The thing I think we all need to be acutely aware of is that in thinking about and doing public engagement, even if we are conscious of the risk of manipulating a particular consensual public, we are also making the technology seem more likely. (Interview 1)

To those committed to public dialogue on geoengineering, this posed a pressing challenge: how to create a space for discursive engagement with the issue – how to make the subject tractable to discussion – without in the process enhancing its consistency as a policy object. This conundrum is to some extent true of any public dialogue that moves ‘upstream’ in the R&D process, but it operated with a vengeance here. Public engagement exercises were taking place at a time when geoengineering seemed to be quickly becoming part of mainstream scientific and policy discussions. The Royal Society report was a turning point in that regard, and it was soon accompanied by several initiatives on both sides of the Atlantic that reinforced the trend. The inquiry into geoengineering sponsored jointly in 2009 by the Science and Technology committees of the US House of Representatives and the UK House of Commons, the 2010 Asilomar International Conference on Climate Intervention Technologies and the inclusion of geoengineering in the Fifth Assessment Report by the Intergovernmental Panel on Climate Change were other markers of the rapid ‘normalization’ of geoengineering in policy circles. It is in this context that PES activities took a distinctive turn, away from the elucidation of public views on individual geoengineering proposals (or on geoengineering as a whole), and towards deliberative processes that consciously challenged the boundaries of geoengineering as a discrete topic of engagement.

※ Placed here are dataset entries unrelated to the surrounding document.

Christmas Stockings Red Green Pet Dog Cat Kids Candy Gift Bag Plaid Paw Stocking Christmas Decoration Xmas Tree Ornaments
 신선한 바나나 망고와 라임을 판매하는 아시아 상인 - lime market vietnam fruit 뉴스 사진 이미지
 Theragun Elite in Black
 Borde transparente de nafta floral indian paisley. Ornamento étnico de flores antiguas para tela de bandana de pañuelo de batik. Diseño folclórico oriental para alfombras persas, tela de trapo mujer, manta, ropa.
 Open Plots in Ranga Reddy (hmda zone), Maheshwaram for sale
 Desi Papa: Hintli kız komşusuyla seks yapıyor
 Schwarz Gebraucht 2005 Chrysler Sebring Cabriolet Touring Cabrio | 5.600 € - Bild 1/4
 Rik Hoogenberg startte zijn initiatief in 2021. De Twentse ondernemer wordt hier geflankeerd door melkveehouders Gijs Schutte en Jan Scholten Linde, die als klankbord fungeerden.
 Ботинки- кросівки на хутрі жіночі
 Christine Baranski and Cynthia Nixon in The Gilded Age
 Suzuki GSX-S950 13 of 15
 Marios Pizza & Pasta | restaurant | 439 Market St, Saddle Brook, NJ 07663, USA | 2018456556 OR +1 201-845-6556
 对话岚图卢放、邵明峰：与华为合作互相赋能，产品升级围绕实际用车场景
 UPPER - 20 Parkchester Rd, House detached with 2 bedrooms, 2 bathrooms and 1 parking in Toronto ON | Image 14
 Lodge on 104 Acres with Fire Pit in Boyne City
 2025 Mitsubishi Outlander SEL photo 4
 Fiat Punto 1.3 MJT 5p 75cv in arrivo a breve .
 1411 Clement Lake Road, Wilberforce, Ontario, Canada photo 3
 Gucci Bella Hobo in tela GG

We have referred to this turn as a process of unframing. By this we mean not only an effort to resist and reverse early discursive lock-ins in the definition and appraisal of geoengineering, but a more ambitious struggle to problematize its stabilization as a self-contained matter of concern and policy object. Any attempt to position geoengineering (or any other subject) for public discussion involves acts of framing and re-framing since it unavoidably establishes a set of assumptions that restrict the scope of debate and regulate the sequence of arguments and counter-arguments (cf. Entman, 1993). The specificity of unframing comes, in our view, from the very particular relationship that exists between the articulation of geoengineering for public discussion and its growing consistency as a policy alternative. The urgency of the threat posed by climate change, and the well-known obstacles facing effective global action to reduce greenhouse gas emissions, create enormous pressure to at the very least define the conditions under which research on a climate engineering alternative could proceed. By probing the boundary between development and deployment, and by considering the complex interaction between the pursuit of geoengineering and the determination to make the sacrifices required to tackle the causes of global warming, the second wave of deliberative exercises complicated any direct or unambiguous translation of ‘public views’ as an endorsement for any singular course of action.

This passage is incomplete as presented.